---------- Data provided

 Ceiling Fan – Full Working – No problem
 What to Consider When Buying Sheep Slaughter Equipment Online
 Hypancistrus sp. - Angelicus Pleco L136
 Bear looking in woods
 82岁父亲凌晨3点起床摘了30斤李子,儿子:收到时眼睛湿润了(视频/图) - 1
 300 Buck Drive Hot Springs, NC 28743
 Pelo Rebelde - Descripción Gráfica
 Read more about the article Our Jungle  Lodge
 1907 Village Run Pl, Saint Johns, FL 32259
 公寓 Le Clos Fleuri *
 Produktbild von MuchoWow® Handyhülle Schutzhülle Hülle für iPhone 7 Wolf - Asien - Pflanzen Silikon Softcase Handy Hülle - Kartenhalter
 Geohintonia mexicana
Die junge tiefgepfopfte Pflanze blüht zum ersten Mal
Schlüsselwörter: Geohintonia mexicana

--------------------
---------- Data provided

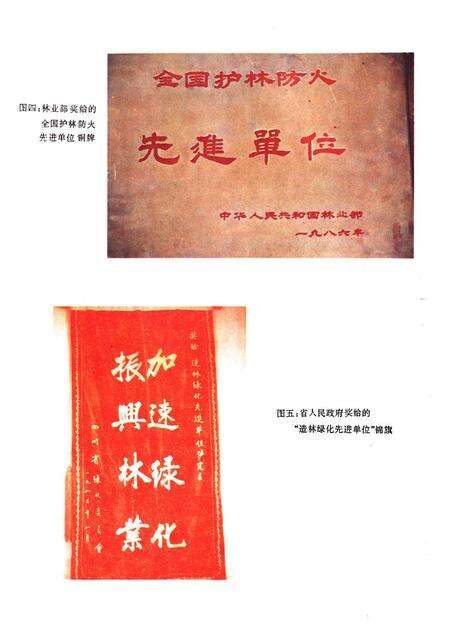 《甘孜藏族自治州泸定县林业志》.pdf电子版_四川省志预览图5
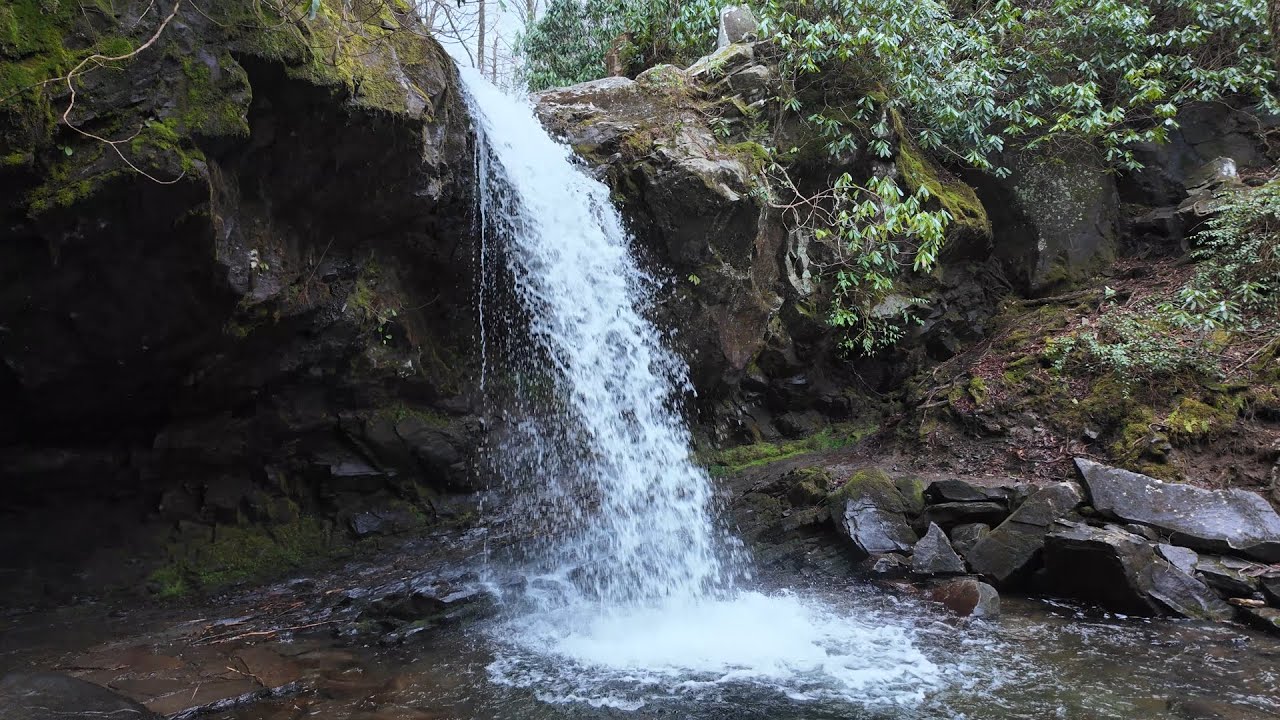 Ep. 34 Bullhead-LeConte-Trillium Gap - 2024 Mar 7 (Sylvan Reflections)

--------------------
---------- Data provided

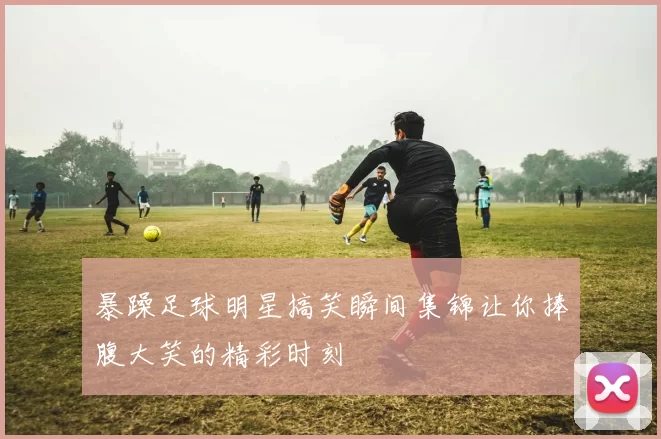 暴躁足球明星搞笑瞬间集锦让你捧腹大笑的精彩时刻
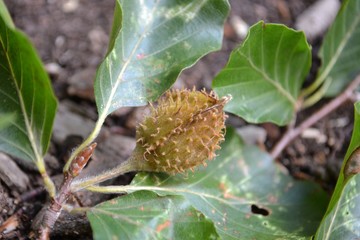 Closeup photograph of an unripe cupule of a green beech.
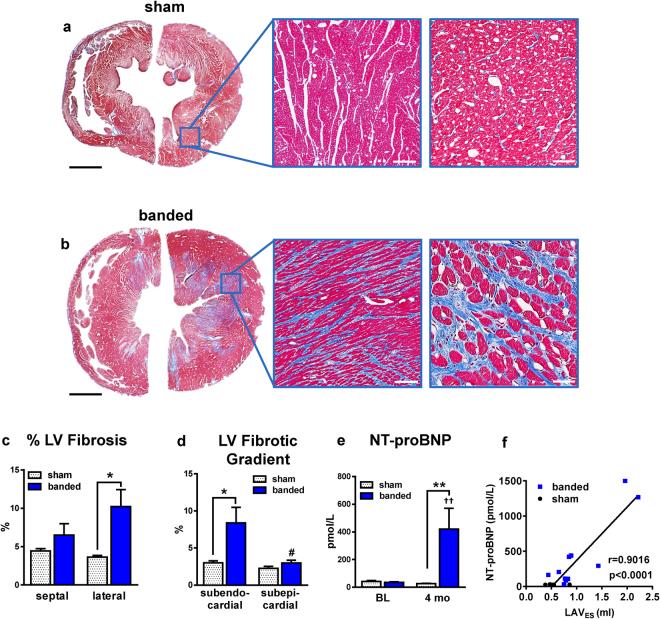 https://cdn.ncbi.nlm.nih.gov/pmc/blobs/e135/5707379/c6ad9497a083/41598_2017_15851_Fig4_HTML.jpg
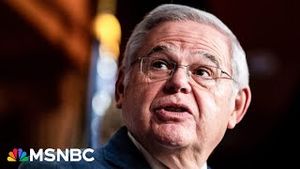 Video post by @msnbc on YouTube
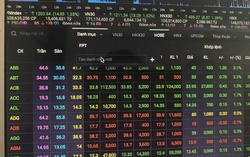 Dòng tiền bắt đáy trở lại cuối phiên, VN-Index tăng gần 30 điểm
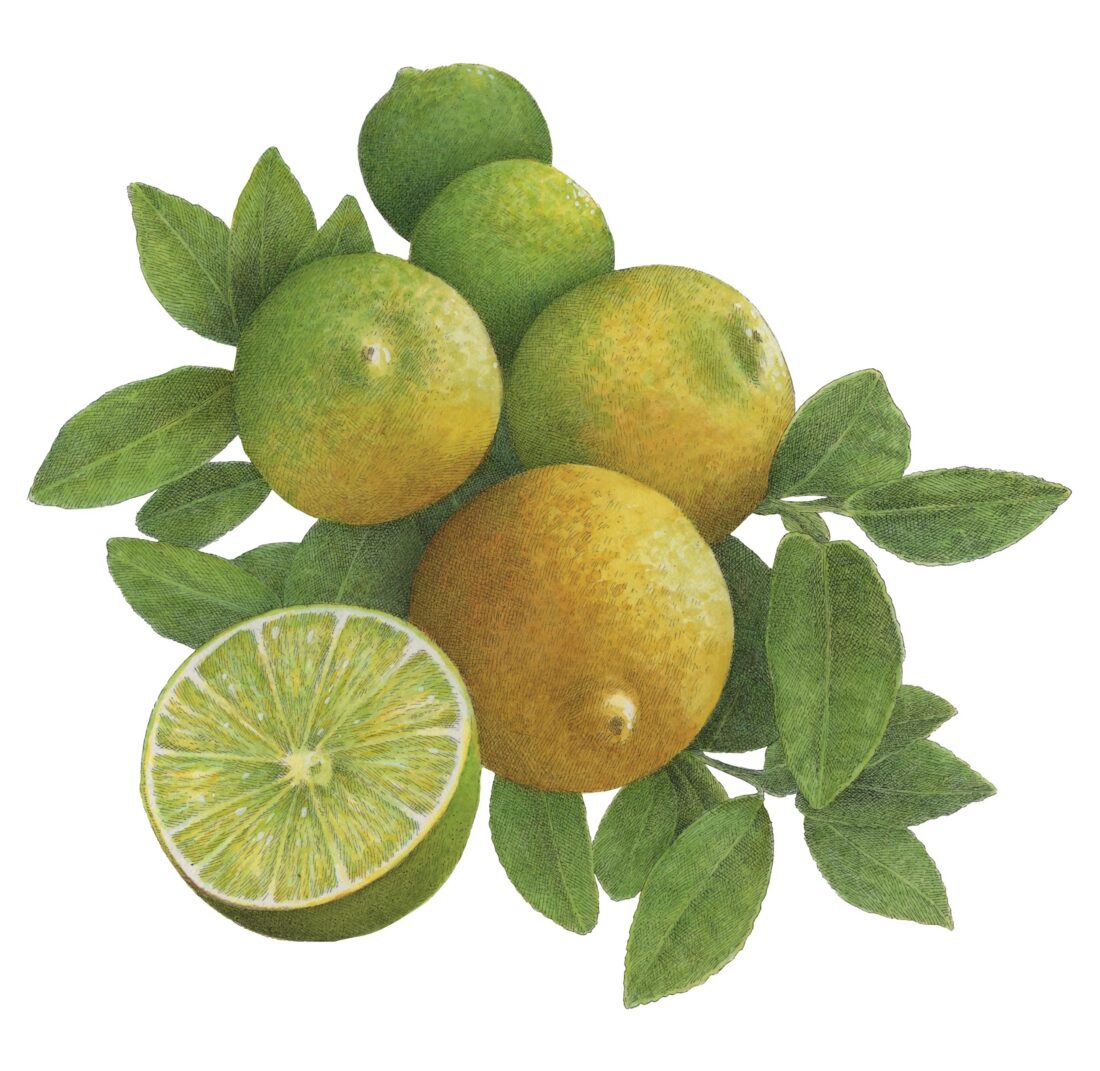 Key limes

--------------------

Problem requirements
All that is wanted is an exact copy of the lines above from the one with "公寓 Le Clos Fleuri *" through the one with "Schlüsselwörter: Geohintonia mexicana", with both ends included.

Your solution
 公寓 Le Clos Fleuri *
 Produktbild von MuchoWow® Handyhülle Schutzhülle Hülle für iPhone 7 Wolf - Asien - Pflanzen Silikon Softcase Handy Hülle - Kartenhalter
 Geohintonia mexicana
Die junge tiefgepfopfte Pflanze blüht zum ersten Mal
Schlüsselwörter: Geohintonia mexicana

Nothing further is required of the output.